Sunday, November 30, 2014

Reflection 9: Where I Spend Three Minutes in an Attempt to Make a Decent Thanksgiving Turkey Pun out of the Title and Fail. My Productivity Knows No Bounds...

   Please excuse the tardiness of this post; as I was at my grandmother's for the entirety of Thanksgiving break, I was unable to access the Internet and upload this reflection at any point.
   This week, I finished the prologue/introduction to the story and began work on Chapter One. I did not get as much work done as I had hoped due to the presence of family ("Josh! Get off your computer and spend some time with your cousins!"), but I am more excited to stop researching and keep writing than I have been thus far and plan to work much more efficiently this week.
   Here is an excerpt from the prologue; constructive criticism is welcome! Or nonconstructive criticism!
   Or, if anyone would like to simply post some decent puns that blame the presence of Thanksgiving for my lack or productivity, that works as well!

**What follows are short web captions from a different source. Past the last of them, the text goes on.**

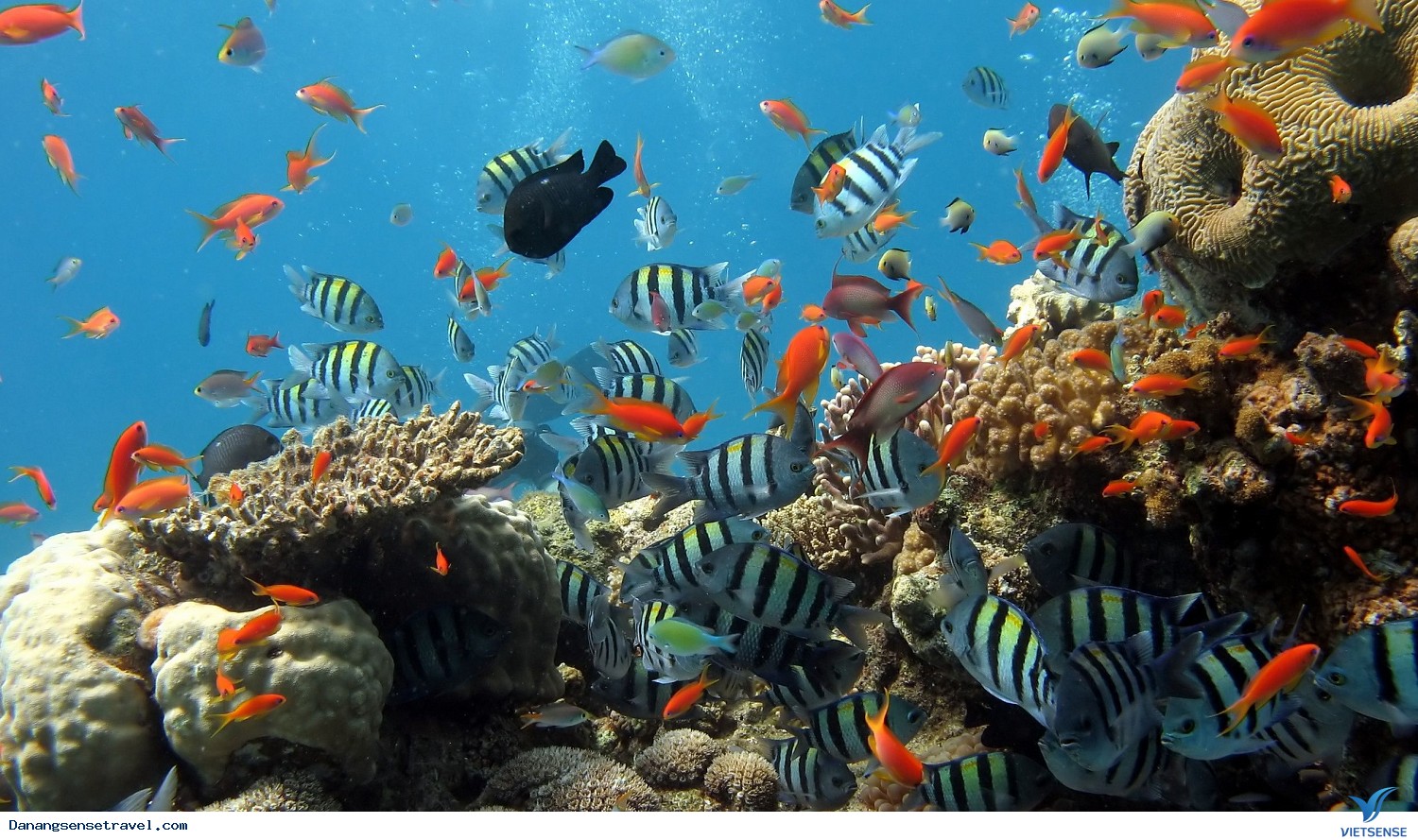 Tìm đến nơi nhìn thấy Hoa vàng trên cỏ xanh đẹp hơn cả trong phim - Ảnh 4 Tìm đến nơi nhìn thấy Hoa vàng trên cỏ xanh đẹp hơn cả trong phim - Ảnh 4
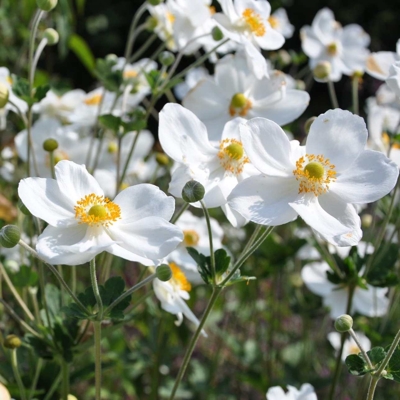 Anemone Fantasy ´Elfin Swan´  Co2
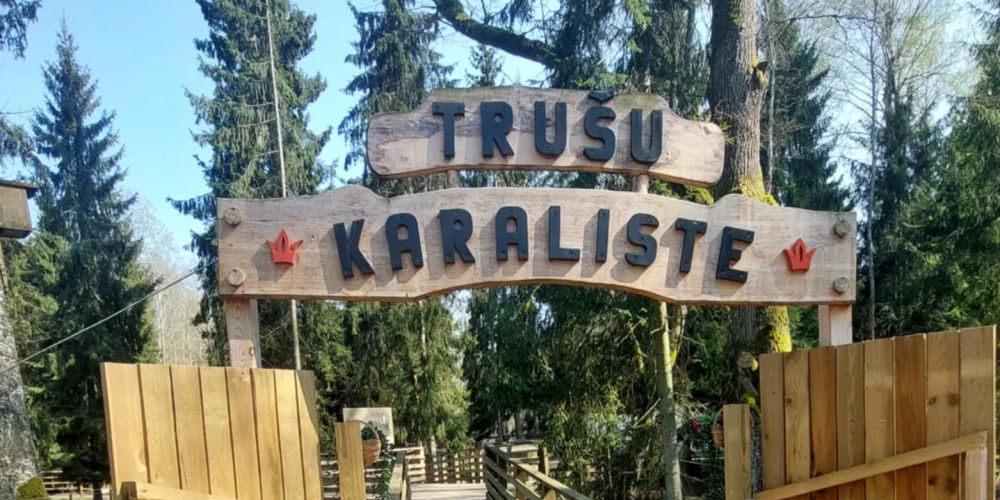 "Tāds pamatīgs šoks visiem bija, jo bijām turpat blakus – viss notika zibenīgi," viņa atceras. Puisēns kliedzis un raudājis no sāpēm un izbīļa, bet "pa ausi gāzās asinis".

"The buildings were no longer buildings; they were but charred husks that fell before the girl’s gaze. The great metropolis was aflame; bursts of blue, green, and purple plasma juxtaposed against a field of charred and melting structures that seemed all too insignificant against the never-ending inferno that consumed it. Great black forms, absences of stars in the sky whose metal hulls were accented by the fire fueled by human hatred below, dropped humanoid shapes or flashes of cold colors, landing or exploding respectively amongst the urban landscape. Even smaller, faint against the flickering flame but far too visible to ignore, were the inhabitants of the once prosperous beacon of culture and life: vague, anthropomorphic silhouettes blending with the background of the all-too-bright inferno. Many dueled, spears and blades of electrically warped and physically layered steel twisting against each other’s magnetic fields, sprays of blood visible even from the hilltop house whenever a weapon pierced through cracks in an opponent's armor, tangible or otherwise. The armored figures danced, caring not for those among them who did not carry blades: civilians, innocents, men and women and children with hopes and dreams now twisted and turned to ash; every one of them burned in that all-consuming, daemonic fire, withering and charring as the flames devoured them and forced them to kneel before its might as if in reverence of its near-divine power.

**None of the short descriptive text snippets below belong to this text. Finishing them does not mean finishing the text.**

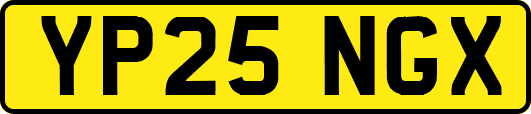 YP25NGX
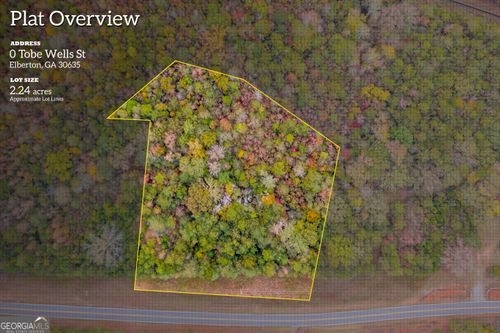 0 Tobe Wells Rd, ELBERTON, GA, 30635 | Card Image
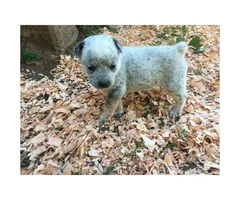 Heeler puppies trying to find excellent family farm homes.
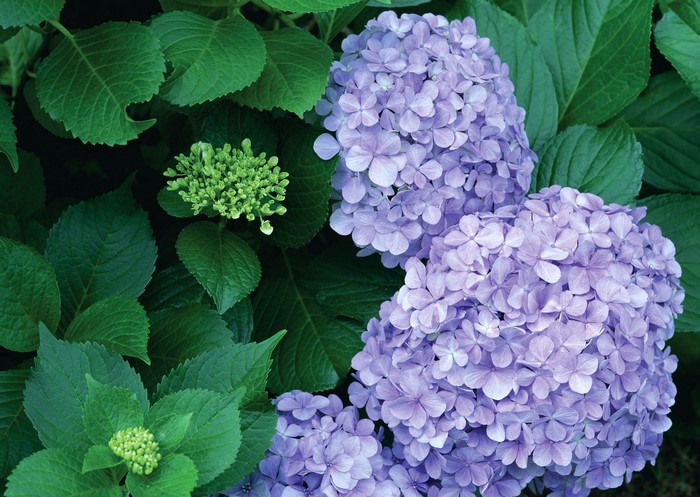 Purple Hydrangea Flowers and Green Leaves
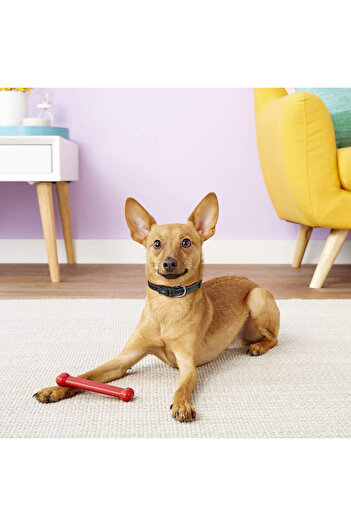 MASBRILL reflective dog leash, neoprene/nylon, orange, S, 35-40 cm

   For a moment, the massacre of those billions of human lives her was reflected in the girl’s eyes.
   Forever, the spirits of those damned to die in the inferno would haunt her very soul.
   The girl stood stunned, mouth agape, assailed by the screams of ghosts that were not yet ghosts but people who would soon depart the land of the living, as the great city, countless inhabitants, and beautiful world of Kyoto burned before her."